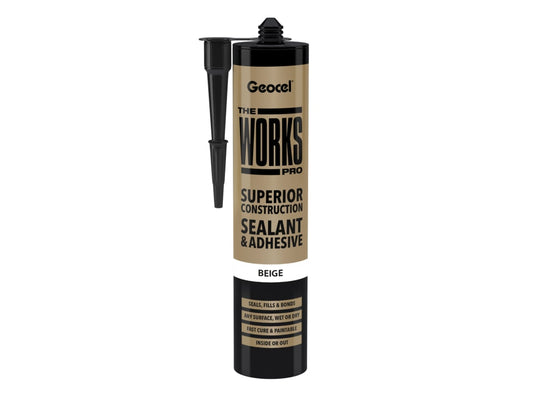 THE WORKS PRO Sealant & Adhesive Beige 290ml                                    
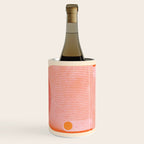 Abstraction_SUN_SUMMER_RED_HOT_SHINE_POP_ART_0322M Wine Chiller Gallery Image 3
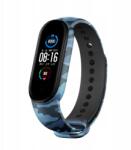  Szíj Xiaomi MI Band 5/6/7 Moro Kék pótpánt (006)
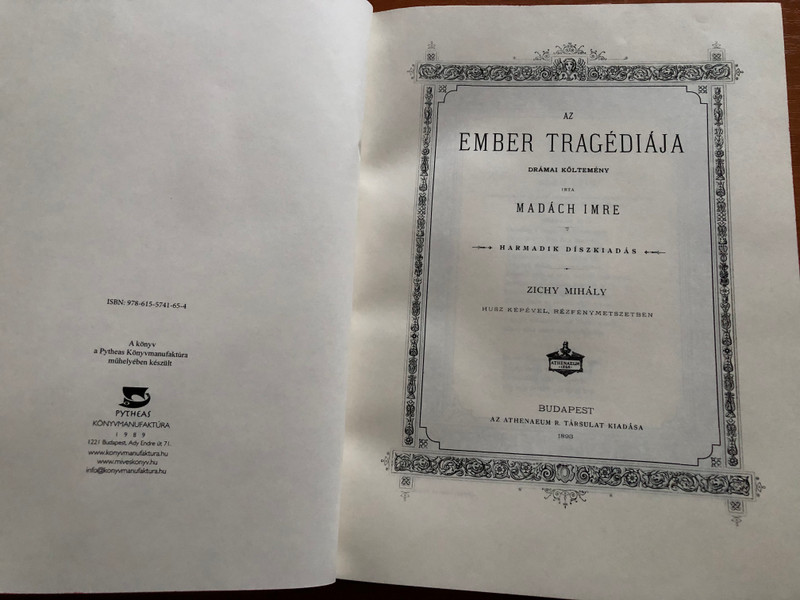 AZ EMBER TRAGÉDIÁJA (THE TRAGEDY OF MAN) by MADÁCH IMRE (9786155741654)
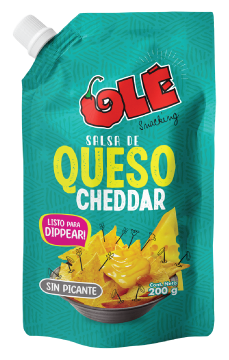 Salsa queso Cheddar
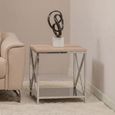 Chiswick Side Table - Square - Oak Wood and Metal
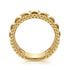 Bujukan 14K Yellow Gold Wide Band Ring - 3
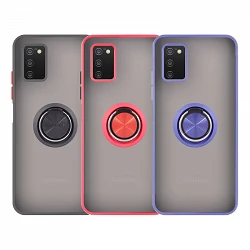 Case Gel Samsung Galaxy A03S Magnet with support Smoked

━━━

Your assignment: Please print the material exactly as given above, omitting the pictures.

Answer box:
 THE WORKS PRO Sealant & Adhesive Beige 290ml                                    
 Abstraction_SUN_SUMMER_RED_HOT_SHINE_POP_ART_0322M Wine Chiller Gallery Image 3
  Szíj Xiaomi MI Band 5/6/7 Moro Kék pótpánt (006)
 AZ EMBER TRAGÉDIÁJA (THE TRAGEDY OF MAN) by MADÁCH IMRE (9786155741654)
 Salsa queso Cheddar
 Chiswick Side Table - Square - Oak Wood and Metal
 Bujukan 14K Yellow Gold Wide Band Ring - 3
 Case Gel Samsung Galaxy A03S Magnet with support Smoked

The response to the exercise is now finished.